M国R地方、国際魔法使い連盟本部。
唯一地下に設置されている課、スパイ課へと続く隠し扉を開け、1人の少女が階段を降りていく。
「待っていたぞ、アザミ・クラウン。」
部屋の中央のテーブルを挟んで上座、高級そうな革張りの椅子に座った男が言った。
「お久しぶりです、ボス。」
アザミ・クラウンと呼ばれた少女は静かにお辞儀をし、下座の席に座った。
「今日の用件はわかっているよな?」
「はい。一週間後に、ホグワーツに新入生として入学、スリザリン寮に潜入する計画の最終打ち合わせです。」
「そうだ。」
アザミの答えに、ボスは満足そうに頷いた。
「さて、計画の大枠を確認しよう。君には、闇の帝王ことヴォルデモートの出身寮、スリザリン寮にて純血思想や闇の魔術に関する意識などを調査し、報告してもらう。また、英雄、ハリー・ポッターとも同い年であるから、彼に関しても報告願いたい。ダンブルドアには話を通してある。」
「はい。」
アザミはわかっています、と言って頷いた。
「現在のスリザリン寮寮監はセブルス・スネイプだ。君からしてみれば因縁の相手でしかないだろうが、くれぐれも変な気は起こさないように。」
ボスは言った。
純血の家系でありながら純血思想に反対であったクラウン家は、1980年2月、闇の帝王の手下の部隊に襲撃され、壊滅した。その部隊には現スリザリン寮寮監のセブルス・スネイプもおり、記録では数人を殺している。
この時の襲撃で唯一生き残ったのが、クラウン家前当主の二女、アザミだ。
当時生まれて数ヶ月の赤子だったアザミは自らの特性と運の良さでたまたま生き残っただけである。英雄、ハリー・ポッターのようなドラマチックな生き残り方をしたわけではない。

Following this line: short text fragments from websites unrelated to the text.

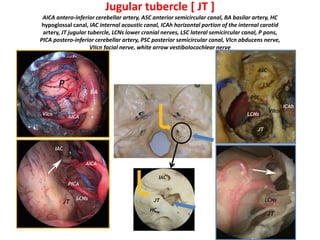 The whole contents of the internal
auditory canal are transposed
posteriorly with the facial nerve (FN).
New position of the facial nerve
(FN) after posterior rerouting
 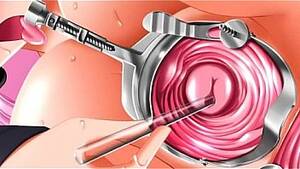 extreme anal insertion anime syringe - Extreme Anal Insertion Anime Syringe | Sex Pictures Pass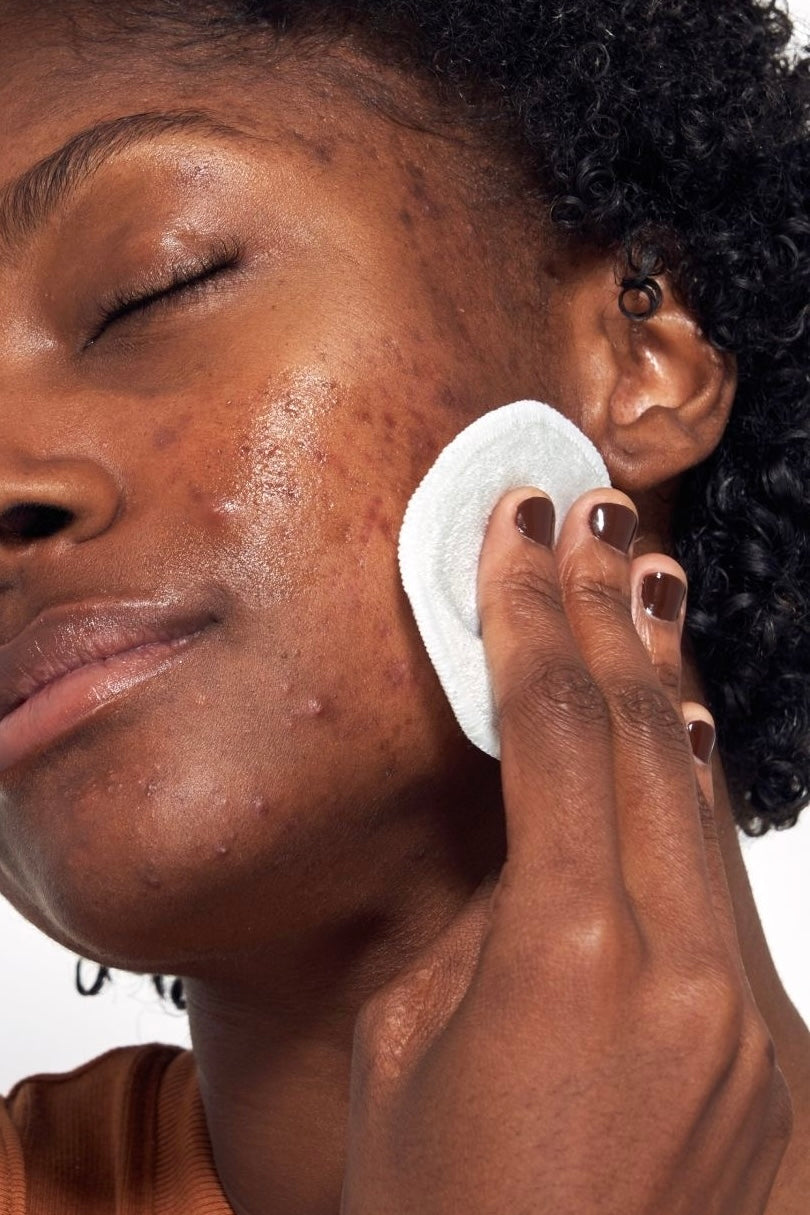 Hyperpigmentation : comprendre et atténuer les taches brunes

赤子だったアザミは国際魔法使い連盟に引き取られ、特性を見染められてスパイ課へと配属された。6歳からT国U校にお忍びで入学し、今や成人に劣らないほどの魔法を身につけ、ここ1年はスパイ任務も行なっている。
そして今年、ホグワーツに潜入という大きな任務がアザミに課せられた。
子供のスパイはアザミだけであり、また、ハリー・ポッターとも同い年で最もこの任務に適任ではあるものの、やはりボスとしてはアザミが、親の仇打ちなどを考えないか、心配なのである。
「仕事に私情は挟みませんし、復讐などという価値のないことに回すエネルギーはありません。」
アザミは言った。
「そうか。なら、杞憂だったな。」
キッパリと復讐の可能性を否定したアザミを見て、ボスは安堵の溜息を吐く。
「これが、ホグワーツで使う学用品だ。杖はオリバンダーで新調したな?」
「はい。アカシアに不死鳥の尾羽とハナハッカ、31cmです。」
アザミは深い茶色の杖を、大腿に取り付けたホルスターから取り出して言った。
「アカシアか。良い選択だ。」
「私、ではなく杖がいい選択をしてくれました。」
アザミは優しく杖を撫でる。
「成績に関してだが、すでにU校を卒業し、就職している君は良い成績を取る必要はない。寮内の学力を把握し、良すぎず悪すぎず、寮内で中の上くらいを狙って欲しい。実技も、不自然ではない程度に力を落としてやって欲しい。」
「もちろんです。大衆に埋まるように計算します。」
アザミは頷いた。記憶に残らない生徒でいなければならないのだから、成績も平均を狙わなければならない。1位を狙うよりも数倍難しい。
「情報の伝達は魔法円を用いた召喚術で行う。人やゴーストに見られないよう注意を払え。」
「はい。」
「人間関係に関しては特に何も言わないが、とにかく目立つな。だが、情報網は欲しい。スリザリン寮の立ち位置を考えると、他の寮と繋がるのは難しいかもしれないが、努力してくれ。」
「わかりました。」
延々と述べられる注意事項を頭に叩き込み、アザミは返事をする。
スパイとして過ごすホグワーツの7年間。どのような結末を迎えるのだろうか。